The metaplot (also, metastory) is the overarching storyline that binds together events in the official continuity of a published role-playing game campaign setting, also defined as an "evolving history of a given fictional universe". Major official story events that change the world, or simply move important non-player characters from one place to another, are part of the metaplot for a game. Metaplot information is usually included within gaming products such as rule books and modules as they are released. Major events in the metaplot are often used to explain changes in the rules in between versions of the games, as was the case with the Time of Judgment in White Wolf's World of Darkness and the Time of Troubles and the Sundering for TSR's/Wizards of the Coast's Forgotten Realms. Because of events like this, many gaming groups choose to ignore the metaplot for a game entirely.

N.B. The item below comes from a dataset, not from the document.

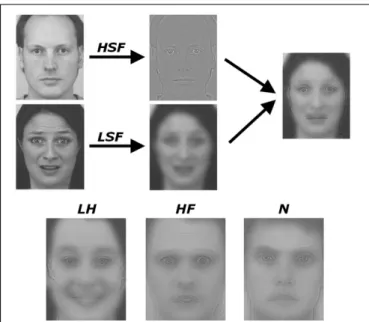FIGURE 2 | Schematic representation of how the hybrid stimuli were created. Male and female faces were selected from a validated database and subjected to spatial frequency filtering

Metaplot is often developed not just by the writers, but by teams - multiple writers, editors, publishers, graphic designers and even players. The concept is related to more than just role-playing sourcebooks, as much of the metaplot can come from other media, such as novels (for example, The Legend of Drizzt or the Dragonlance novels, representative of numerous Dungeons & Dragons fiction). For the Forgotten Realms this was the case only after its inception, while it was part of the design from the start for the Dark Sun setting. For campaign settings based on movies, TV shows or other pieces of fiction, the plot of those works usually functions as the metaplot, while for historical settings history itself may fill this role.

Metaplot appears in settings of various genres like The Dark Eye, Deadlands, Dragonlance, Fading Suns, Legend of the Five Rings, and Shadowrun.

==Reception==
The metaplot is meant to "give the players a sense of immersion in a large and complex world as well as an aesthetic appreciation of the story they were witnessing" whenever their characters come into contact with it. The narrative tool of metaplot has been criticised for shifting the focus away from the player characters and making them "marginal rather than central figures".

Role-playing game designer Jasmin Neitzel commented that metaplot could facilitate constructive interaction of players with a game setting within and beyond individual gaming groups, but could be a hindrance in getting beyond harmful stereotypes used in past products.

Olaf Pajączkowski notes that the metaplot constraints reduce the freedom of writers, who have to respect the history and present events in the universe (as many books are set in the present), and they cannot "break the world". Pajączkowski gives an example of Elaine Cunningham's novel Reclamation which was cancelled because the metaplot evolved changing the world (a 100-year jump) making her book 'obsolete', and the publisher decided it's not worth finishing as it was no longer set in the "present" of the evolving Forgotten Realms universe.